|Image: Sushma Joshi|
My flight to Yangon on 18 June is cancelled. Thai Airways announces that heavy rain has closed Yangon airport. In the restless gloom of the waiting area, rumours start to spread. The Myanmar Army has taken over the airport, people whisper. Aung San Suu Kyi’s birthday is a day away. Has some event occurred while they have been away? Young fathers sit staring into space, wondering whether they can ever return home.
We get bussed to the Amaranth Hotel, a fancy five-star hotel in the outskirts of Suvarnabhumi Airport in Bangkok. Using my wireless thumb drive, I e-mail my friend in Washington, DC, and request her to check Twitter. Within a few minutes, I get my answer: a plane has skidded off the tracks at Yangon airport. Flights supposed to land there are being rerouted to Singapore.
We fly to Yangon the next morning. In the excited conversations I start up with my fellow travellers, I refer repeatedly to my visit to ‘Burma’, to which they politely remind me it is now ‘Myanmar’. At a crowded traffic junction, a young newspaper boy flashes me illicit news printed in The Nation, a Thai newspaper. The front flap is folded over to hide the headlines inside: Kachin rebels resume fighting at border, threats of civil war. Only 3000 kyats (around USD 468), he says. I get a Hollywood thrill seeing the news, hidden so discreetly and flashed briefly before my eyes.
In a nearby restaurant, the kindly owner starts to discuss the Kachin rebels with me. The people are protesting, she says, because the benefits of the new hydroelectricity dam currently being built will all go to China. The Ayeyarwady (Irrawaddy) River will dry up and the Kachin will get nothing in return. She is surprised I do not know all this already. ‘I think you are journalist and you come to report about this,’ she confides. I deny this, but she hardly believes me: how could I not be a journalist? Obviously I was not a tourist – clearly I had come for some specific purpose.
Four months earlier, in February, I had ridden a pickup truck to Lashio, in the northern Shan state. A government official had looked at me and asked, ‘Are you a writer?’ Do I have I am a writer written on my forehead, I had wondered at the time. In hindsight, this was disingenuous: which tourist in her right mind would be riding a pickup truck to Lashio, sitting squashed alongside thirty labourers in the back with a giant pile of goods, and only a plastic mat as cushioning? I had admitted I was a writer, of sorts, but I need not have worried – the official went on to tell me that Myanmar was now introducing democratic norms and would soon become like other democracies. He also told me that he never took the state-owned Myanma Airlines, and that he felt that his country would slowly but surely adopt the political freedom of other countries. He admired writers, and wanted to learn to write in English.
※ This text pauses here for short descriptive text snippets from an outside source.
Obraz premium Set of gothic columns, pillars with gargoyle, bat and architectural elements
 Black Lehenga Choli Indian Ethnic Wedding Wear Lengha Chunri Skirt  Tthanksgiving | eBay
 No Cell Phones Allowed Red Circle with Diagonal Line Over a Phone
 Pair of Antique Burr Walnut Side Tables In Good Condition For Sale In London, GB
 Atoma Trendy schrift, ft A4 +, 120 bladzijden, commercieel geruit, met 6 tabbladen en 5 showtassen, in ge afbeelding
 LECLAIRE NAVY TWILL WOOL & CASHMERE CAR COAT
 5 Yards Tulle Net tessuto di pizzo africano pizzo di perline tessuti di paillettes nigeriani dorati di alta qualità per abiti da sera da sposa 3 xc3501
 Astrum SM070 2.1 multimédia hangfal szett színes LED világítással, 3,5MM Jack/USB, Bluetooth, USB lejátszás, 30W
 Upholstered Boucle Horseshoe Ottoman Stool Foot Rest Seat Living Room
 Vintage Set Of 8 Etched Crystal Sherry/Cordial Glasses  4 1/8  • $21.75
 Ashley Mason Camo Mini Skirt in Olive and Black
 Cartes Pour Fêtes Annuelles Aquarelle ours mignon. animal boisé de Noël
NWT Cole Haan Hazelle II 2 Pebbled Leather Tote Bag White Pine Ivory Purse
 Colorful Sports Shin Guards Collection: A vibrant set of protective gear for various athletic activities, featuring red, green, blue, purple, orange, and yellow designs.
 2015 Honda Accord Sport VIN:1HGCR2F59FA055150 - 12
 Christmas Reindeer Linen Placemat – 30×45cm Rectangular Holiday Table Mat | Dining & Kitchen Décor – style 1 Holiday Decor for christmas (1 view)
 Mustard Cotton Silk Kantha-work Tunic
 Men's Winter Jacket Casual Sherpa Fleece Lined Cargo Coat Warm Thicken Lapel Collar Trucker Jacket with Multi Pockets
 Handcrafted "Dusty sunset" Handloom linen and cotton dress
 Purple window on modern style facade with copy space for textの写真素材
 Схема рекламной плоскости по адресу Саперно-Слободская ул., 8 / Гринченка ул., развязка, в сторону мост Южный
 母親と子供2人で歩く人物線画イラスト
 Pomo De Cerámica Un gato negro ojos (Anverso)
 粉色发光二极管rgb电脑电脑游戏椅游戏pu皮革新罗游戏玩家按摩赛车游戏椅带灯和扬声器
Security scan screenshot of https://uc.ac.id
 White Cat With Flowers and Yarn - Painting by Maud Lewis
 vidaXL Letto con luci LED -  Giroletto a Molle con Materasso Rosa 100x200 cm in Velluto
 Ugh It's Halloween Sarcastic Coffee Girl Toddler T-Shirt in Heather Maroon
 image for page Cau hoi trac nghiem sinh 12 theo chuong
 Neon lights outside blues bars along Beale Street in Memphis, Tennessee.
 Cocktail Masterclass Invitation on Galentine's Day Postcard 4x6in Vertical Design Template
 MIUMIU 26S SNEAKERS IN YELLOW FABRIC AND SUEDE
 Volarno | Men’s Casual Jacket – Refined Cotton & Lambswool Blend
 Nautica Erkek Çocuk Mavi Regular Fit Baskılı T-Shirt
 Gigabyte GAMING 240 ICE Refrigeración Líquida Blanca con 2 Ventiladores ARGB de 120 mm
Of course, he was a government official whose children studied at the best schools. His three rosy-cheeked children went to one of the best boarding schools in the country, in Pyin U Lwin (formerly Maymo), where he was picking them up to take them for a short vacation. Ordinary people had told me that only government officials get to send their children to good schools, or to buy property or start businesses. We can’t do anything, they said. It might have been true in this case but the official was so pleasant, polite and charming, and so clearly on the side of a democratic system, that it was hard to fault him. Despite all this, I was unsure how much I should reveal – would saying that I was writing a book about the Nepali/Gorkhali community in Myanmar bring unwelcome attention? Did I want to invite the possibility of more government officials asking me more questions? I was unsure, and in the confusing absence of information it seemed better not to say anything.
To the gompa!
Back in the Yangon restaurant on a steaming and oppressive June evening, I shook my head and said: ‘No, I’m not here to report on the Kachin rebellion.’ The owner was surprised by this. Then she resumed telling me the story of what was happening in Myitkyina, almost as if it did not matter why I had come in the first place, as long as I got a chance to witness what was going on there. I was educated, it was clear. I could speak and write in English. And this was enough credentials to be a witness.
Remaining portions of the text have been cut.